Statistics (Statewide)

Mississippi residents are among the nearly 750,000 households who have been displaced from the Gulf Coast in the aftermath of Hurricane Katrina. Current estimates show that of the 47,000 Mississippi residents, who fled their communities in the wake of Hurricane Katrina, only 27,000 have returned to rebuild their homes in communities that have not fully recovered one year after the storm. There are more than 101,000 Mississippi residents living in temporary FEMA trailers. According to the American Red Cross, 47 counties in Mississippi sustained hurricane damage to single family houses, apartments, and mobile homes, but the majority of the damage occurred in the coastal counties of Hancock, Harrison and Jackson, where more than 64,000 homes were completely destroyed and over 70,000 homes damaged. As a consequence, each of the Mississippi coastal counties have experienced a significant population decline, while counties located further inland now have an influx of displaced residents.

(Monique Harden, "HUMAN RIGHTS AND MISSISSIPPI’S DISPLACED RESIDENTS," in Envisioning a Better Mississippi: Hurricane Katrina and Mississippi -- One Year Later.)

Go here to download full report.

State Farm Insurance Scam

Hundreds of homeowners on Mississippi's Gulf Coast have sued their insurance companies for refusing to pay for millions of dollars of damage from Katrina. A judge who presided over the first Katrina insurance trial ruled this month that Nationwide Mutual Insurance Co. must pay for damage caused by wind but not from flooding, including storm surges. . . .

The Rigsby sisters were both eight-year employees of E.A. Renfroe, a firm that helps State Farm and other insurers adjust disaster claims. Although they weren't State Farm employees, the company issued them computers and business cards that identified them as State Farm representatives. They also had confidentiality agreements with State Farm.

"We have always been proud to work with State Farm," Cori Rigsby said.

The sisters say that pride faded, however, as they began to suspect the company was pressuring engineers to alter their conclusions about storm damage so claims could be denied.

Kerri Rigsby says her suspicions grew in November after finding a handwritten note attached to an engineer's report that read: "Put in Wind file -- DO NOT pay bill. DO NOT discuss."

She said the engineer's report, dated Oct. 12, concluded that Katrina's wind caused most of the damage to a Biloxi policyholder's home. That should have been good news for the policyholder, she noted, since State Farm's policies cover damage from wind but not water.

But when Kerri Rigsby pulled the policyholder's file, she said she found a subsequent report based on a second inspection of the home Oct. 18. This time, the same engineering firm concluded that water caused most of the damage, according to the report, which the AP reviewed.
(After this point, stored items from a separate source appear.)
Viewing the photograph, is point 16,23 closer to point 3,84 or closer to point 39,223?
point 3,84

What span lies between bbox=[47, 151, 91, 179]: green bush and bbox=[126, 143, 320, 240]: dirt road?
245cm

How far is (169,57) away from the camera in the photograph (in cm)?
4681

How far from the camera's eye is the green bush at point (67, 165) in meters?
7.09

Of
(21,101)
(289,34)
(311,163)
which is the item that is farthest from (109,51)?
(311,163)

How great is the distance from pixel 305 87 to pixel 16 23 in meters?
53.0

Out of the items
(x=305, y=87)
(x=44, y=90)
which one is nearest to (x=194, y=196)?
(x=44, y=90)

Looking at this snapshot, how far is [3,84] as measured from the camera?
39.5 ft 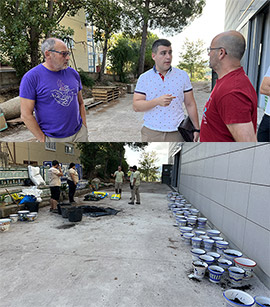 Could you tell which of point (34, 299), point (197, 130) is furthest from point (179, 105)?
point (34, 299)

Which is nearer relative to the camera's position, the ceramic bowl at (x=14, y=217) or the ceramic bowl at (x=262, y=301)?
the ceramic bowl at (x=262, y=301)

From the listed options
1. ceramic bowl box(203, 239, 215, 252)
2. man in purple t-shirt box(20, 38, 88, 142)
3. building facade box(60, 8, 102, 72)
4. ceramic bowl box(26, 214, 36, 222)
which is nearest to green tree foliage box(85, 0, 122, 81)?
building facade box(60, 8, 102, 72)

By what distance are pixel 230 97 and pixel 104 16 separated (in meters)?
0.92

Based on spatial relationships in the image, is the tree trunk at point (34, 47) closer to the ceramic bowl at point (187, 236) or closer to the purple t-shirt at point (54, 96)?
the purple t-shirt at point (54, 96)

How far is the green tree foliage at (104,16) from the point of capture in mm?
1232

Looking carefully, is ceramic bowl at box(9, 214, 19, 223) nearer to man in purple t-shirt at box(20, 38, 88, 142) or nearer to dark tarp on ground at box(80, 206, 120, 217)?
dark tarp on ground at box(80, 206, 120, 217)

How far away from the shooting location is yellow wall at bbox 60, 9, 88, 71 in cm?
134

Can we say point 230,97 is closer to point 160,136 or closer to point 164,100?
point 164,100

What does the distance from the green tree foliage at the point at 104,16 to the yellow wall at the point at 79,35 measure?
8cm

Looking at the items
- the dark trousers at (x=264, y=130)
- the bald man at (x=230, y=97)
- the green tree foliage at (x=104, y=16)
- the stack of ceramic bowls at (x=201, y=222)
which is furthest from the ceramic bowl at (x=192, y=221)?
the green tree foliage at (x=104, y=16)

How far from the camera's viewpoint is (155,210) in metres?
4.89

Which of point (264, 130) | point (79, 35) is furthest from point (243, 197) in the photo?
point (79, 35)

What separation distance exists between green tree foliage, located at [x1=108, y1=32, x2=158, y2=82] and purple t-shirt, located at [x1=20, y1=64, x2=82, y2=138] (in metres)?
0.29

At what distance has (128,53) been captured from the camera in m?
1.36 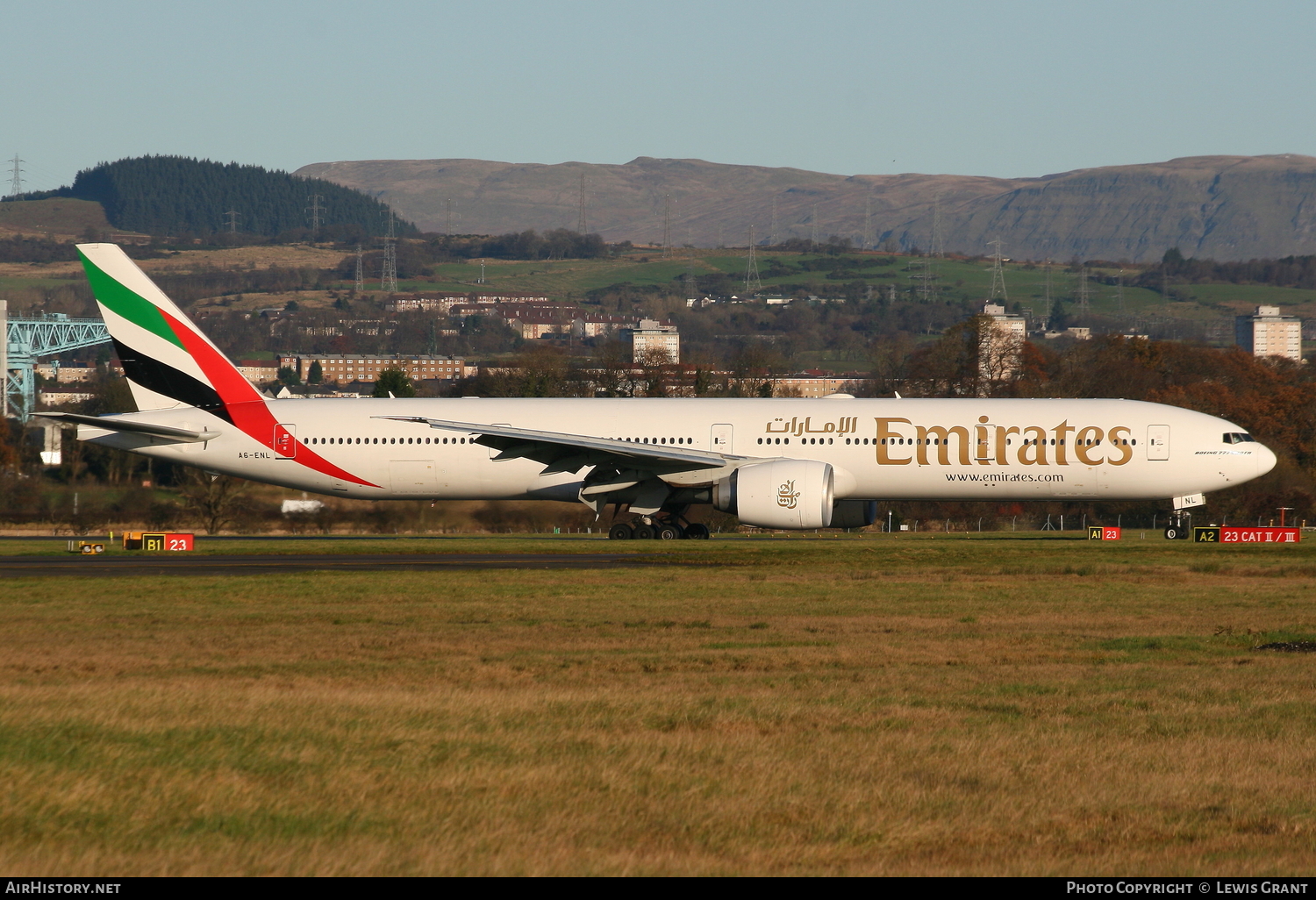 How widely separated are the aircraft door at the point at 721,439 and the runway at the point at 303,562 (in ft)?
17.6

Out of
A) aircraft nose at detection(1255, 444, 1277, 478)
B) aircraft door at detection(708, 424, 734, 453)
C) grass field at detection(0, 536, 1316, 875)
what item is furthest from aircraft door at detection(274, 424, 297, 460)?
aircraft nose at detection(1255, 444, 1277, 478)

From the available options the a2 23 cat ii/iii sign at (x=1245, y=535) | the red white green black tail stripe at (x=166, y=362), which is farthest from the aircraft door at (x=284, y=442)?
the a2 23 cat ii/iii sign at (x=1245, y=535)

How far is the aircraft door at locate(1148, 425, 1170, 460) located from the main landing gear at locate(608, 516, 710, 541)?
1093 cm

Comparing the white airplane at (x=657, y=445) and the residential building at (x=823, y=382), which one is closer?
the white airplane at (x=657, y=445)

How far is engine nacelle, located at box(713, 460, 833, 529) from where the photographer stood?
3228 centimetres

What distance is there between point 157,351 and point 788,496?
16.4 meters

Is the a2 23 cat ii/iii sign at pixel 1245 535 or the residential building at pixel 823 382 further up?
the residential building at pixel 823 382

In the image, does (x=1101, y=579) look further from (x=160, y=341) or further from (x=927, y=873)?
(x=160, y=341)

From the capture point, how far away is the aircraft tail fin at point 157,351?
36.3 meters

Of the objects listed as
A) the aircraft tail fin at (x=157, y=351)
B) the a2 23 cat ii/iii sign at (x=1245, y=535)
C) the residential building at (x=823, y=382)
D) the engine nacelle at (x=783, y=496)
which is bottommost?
the a2 23 cat ii/iii sign at (x=1245, y=535)

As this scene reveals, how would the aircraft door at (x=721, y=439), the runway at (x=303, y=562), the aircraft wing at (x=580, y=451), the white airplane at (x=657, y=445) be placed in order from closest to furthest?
the runway at (x=303, y=562) → the aircraft wing at (x=580, y=451) → the white airplane at (x=657, y=445) → the aircraft door at (x=721, y=439)

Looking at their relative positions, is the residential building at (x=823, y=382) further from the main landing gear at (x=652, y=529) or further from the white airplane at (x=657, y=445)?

"The policyholder did not get a copy of the one that said wind," said Kerri, 35. "He should have gotten lots more money."

(AP)

Statistics (Biloxi)

Listen to the numbers cited by city officials, and one gets the impression that Biloxi is roaring back:

  • In the first quarter of 2006, the city’s three newly reopened casinos took in revenues equa to 70 percent of the total revenues of all nine casinos operating pre-Katrina.
  • By July 1, five casinos had reopened, with three more due to come online by the end of September, including Beau Rivage, the city’s largest.
  • Foxwoods, the nation’s largest gaming company, and Golden Nugget Casino have acquired significant land to build new resorts, with condominium developers close behind. Mayor A.J. Holloway has predicted that as many as 20 casinos could dot the coastline by 2010.

Walk the East Biloxi neighborhoods ringed by the casinos, however, and it is immediately apparent that its residents are not benefiting from such reconstruction. Here, in the city’s oldest, most diverse, and poorest community, there is a palpable lack of activity:

  • With limited resources and little access to capital, most homeowners in the neighborhood cannot afford to rebuild on their own. Conservative estimates put the increase in labor and material costs at 20 percent and the price of elevating to anticipated new FEMAheight requirements at $25,000 or more per house.
  • For the 51 percent who were renters, affordable intact units are scarce; the Housing Authority has only 35 percent of its pre-Katrina units operating, and private coastal rents are up 30 percent overall.
  • Twenty-two percent of the households living in the floodplain on the Biloxi peninsula had incomes less than 150 percent of the federal poverty line, yet because of eligibility requirements, all were barred from applying for the first round of grants from the governor’s homeowner program funded by CDBG monies.

(Oxfam, Forgotten Communities,Unmet Promises: An unfolding tragedy on the Gulf Coast)

Black Men Die In MS Gulf Coast Jails 

MOSS POINT — Two Moss Point police officers have been suspended because of "ineffectiveness" in the wake of an alleged jail suicide.

Moss Point Police Chief Demetrius Drakeford would not identify the officers.

He said one would be suspended for three days without pay. A second officer will be suspended for two days without pay.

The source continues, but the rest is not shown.